_HOW TO COMPLETE THIS TASK:_ Please take the lines from the one holding "Febi Bilstein 10872" through the one holding "GEKO Diamantboor 112x450mm" in the data below and copy them exactly.

_AVAILABLE DATA:_

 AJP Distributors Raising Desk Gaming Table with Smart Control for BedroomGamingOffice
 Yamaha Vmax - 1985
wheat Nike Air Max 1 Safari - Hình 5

* * *

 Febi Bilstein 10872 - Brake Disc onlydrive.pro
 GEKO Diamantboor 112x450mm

_OUTPUT:_
 Febi Bilstein 10872 - Brake Disc onlydrive.pro
 GEKO Diamantboor 112x450mm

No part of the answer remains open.